Dylan Dog 346 - ...E Cenere Tornerai



LORENZO BARBERIS

Spoiler Alert As Usual.

Se il Dyd 345 di Mignacco sembrava un, pur gradevole, numero della gestione Gualdoni, questo "...E cenere tornerai" di Paola Barbato torna ad essere un numero perfettamente in linea con la "rivoluzione dylaniata" promessa da Recchioni.

La cover di Stano, superba come al solito, ci mostra un Dylan ridotto a barbone con un "mostro" ovviamente simbolico che gli fa l'elemosina. Notiamo subito il completo integralmente bianco, quello di John Ghost, dell'elemosiniere.

Nell'editoriale Recchioni svela quanto comunque era ormai evidente, ovvero il gioco metaletterario tra diverse "dimensioni" narrative di Dylan Dog.
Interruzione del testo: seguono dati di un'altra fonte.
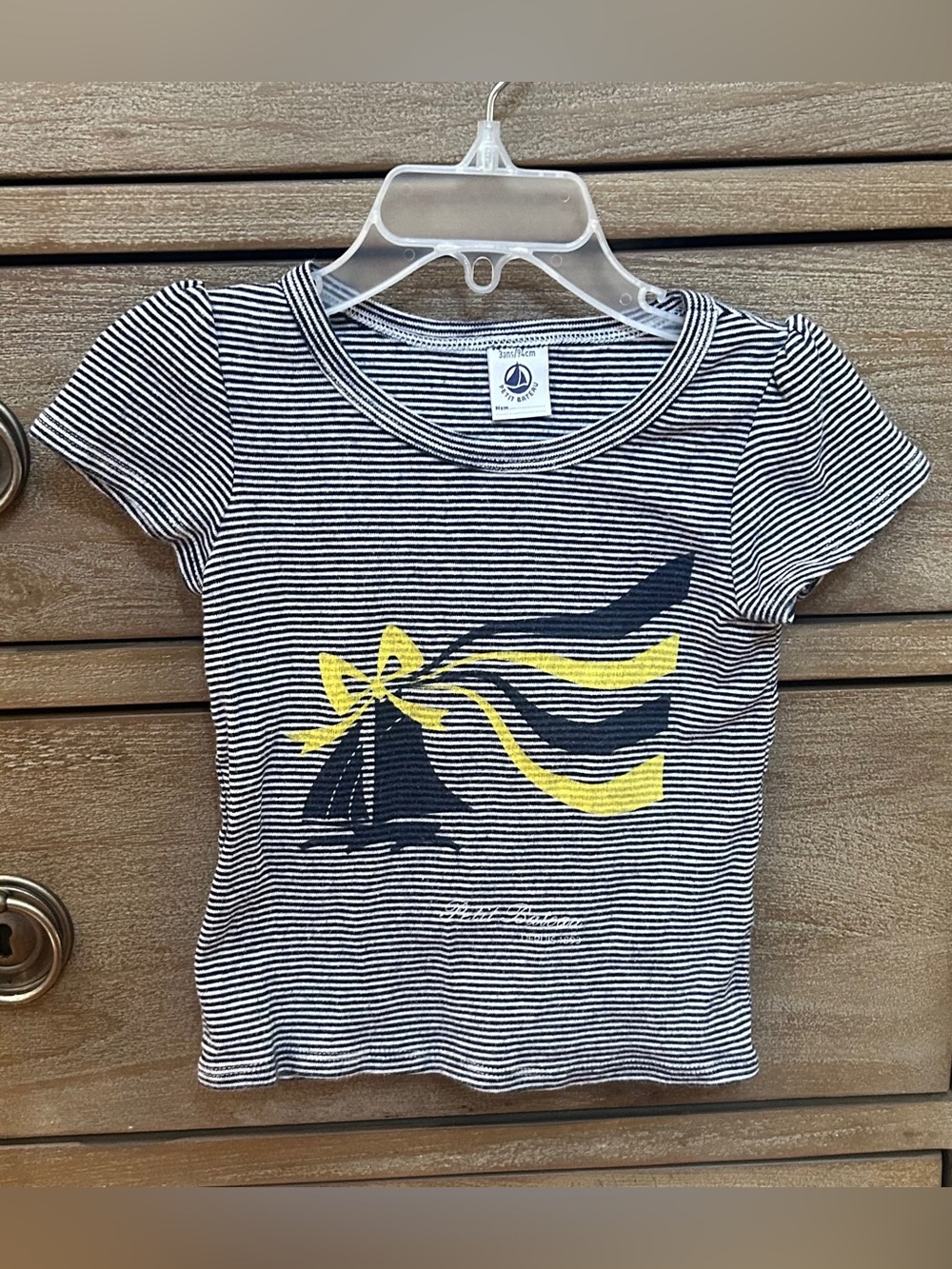 Petit Bateau Girl’s Navy & White Striped Tee with Yellow Sail Bow - 3T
Il Nuovo Corso iniziato col numero 337 potrebbe essere tutto un sogno di una notte inter-dimensionale, un elemento, quello dell'intersecarsi di molteplici dimensioni anche metaletterarie, tipico già del Dylan delle origini (già prima, ma codificato in modo ineludibile da Morgana, n.25, in poi).



Viene quindi confermata anche l'intersezione con le storie di Old Boy, il mondo di Dylan "dove tutto è rimasto come prima". Infatti sul numero che esce in parallelo la Barbato apre con una storia che ha più punti di contatto con questa (ci torneremo nell'apposita recensione); Craven Road 7 di Gualdoni ha in comune la perdita della casa, e la storia di De Gregorio la meta-letterarietà a incastro.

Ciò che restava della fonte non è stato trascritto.